The Institute for Supply Management (ISM) Manufacturing Index provided another piece of positive economic news to kick off the new year. For the first time since February 2025, this ISM reading reflected expansion at 52.6, easily surpassing expectations of 48.5. One month is not a trend, but we will see if manufacturing gains some momentum after being weak in recent years. In more good news, the February reading came in at 52.4, which surpassed expectations of 51.5 and reflected consecutive months of expansion.
The ISM Non-Manufacturing Index, which covers the much larger service industries in the U.S. economy, continued to reflect expansion. This reading came in at 53.8 for January compared to expectations of 53.5, which matched December’s revised lower reading of 53.8. Recall for the ISM indices, readings above 50 represent expansion and below 50 reflect contraction. It has been a while since both the manufacturing and services sectors simultaneously showed growth.

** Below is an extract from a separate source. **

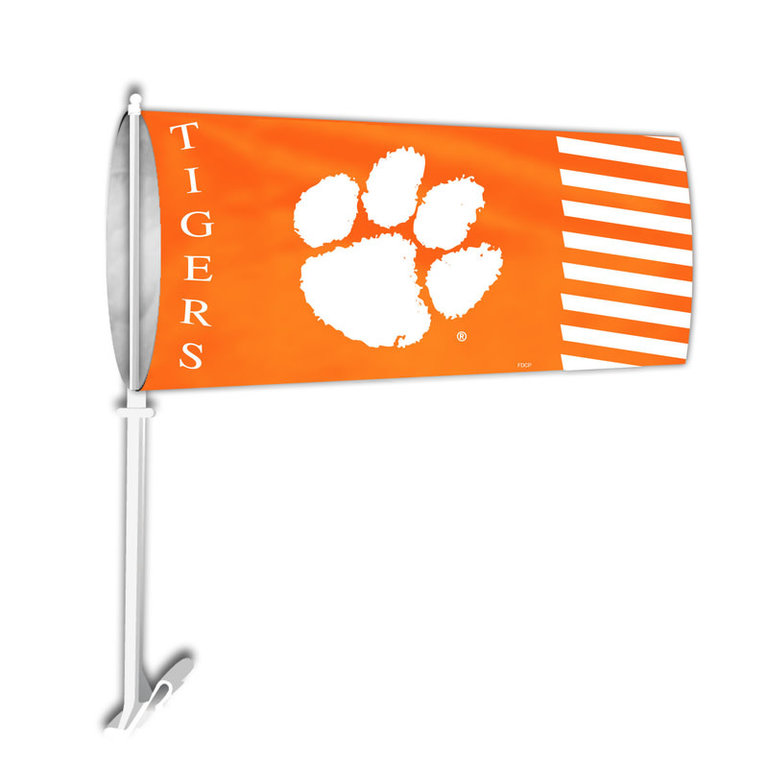 Jaymac Car Wind Sock Org Wwhite Paw Clemson Tigers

Consumer spending data was mixed in December. Retail sales excluding autos and gas were flat when a 0.4% monthly gain was expected. However, personal spending increased by 0.4% in December, slightly ahead of expectations of 0.3%. Furthermore, the personal consumption portion of the advance reading of Q4 GDP came in at a 2.4% annualized rate, which matched expectations but was slower than the Q3 contribution. Consumer sentiment readings have been rather weak for some time, but we have not seen that translate into a drop in consumer spending. Consumer spending will be important to monitor due to the central role that household consumption plays in the U.S. economy. We care about the “soft” data (like sentiment readings), but we care a lot more about “hard” data, which track what consumers do.

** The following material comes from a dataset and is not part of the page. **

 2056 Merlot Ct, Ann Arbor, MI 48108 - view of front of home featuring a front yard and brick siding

Digging further into the advanced reading of Q4 GDP, economic growth slowed to a 1.4% annualized pace versus expectations of 2.8%, but part of that weakness was caused by the longest government shutdown in U.S. history. This may prove to be a rather “noisy” GDP report due to the impact of the government shutdown, but it will be important to see what revisions are made to that report. The GDPNow forecast from the Atlanta Fed for Q1 2026 GDP shows the economy starting out 2026 on a strong note with a current estimate of 3.0% annualized growth (as of 2/27/26). Chart 3 below shows GDP in recent years and the two strong quarters in the middle of 2025 bookended by weaker quarters.
Chart 3

The Federal Reserve was rather quiet in February. There were no FOMC meetings and the market had little reaction to President Trump’s pick for the new Fed Chair, Kevin Warsh, which was made at the end of January. His confirmation process could bring about more news and volatility, but this became back page news during the month. Per the CME FedWatch tool on 2/27/26, the market is still pricing in only two rate cuts in 2026, both of which are expected to occur after the new Fed chair takes over leadership when Chair Jerome Powell’s term expires following the May FOMC meeting.
What did garner focus of the market in February was the Supreme Court’s rejection of President Trump’s tariffs using the International Emergency Economic Powers Act (IEEPA). President Trump immediately announced tariffs of 10% through Section 122 powers, but that only allows tariffs for 150 days unless extended by Congress. The ruling has caused uncertainty on tariffs, trade, and already negotiated trade deals. However, it seems clear that President Trump is determined to keep tariffs, a core tenet of his economic plans, in place through other mechanisms.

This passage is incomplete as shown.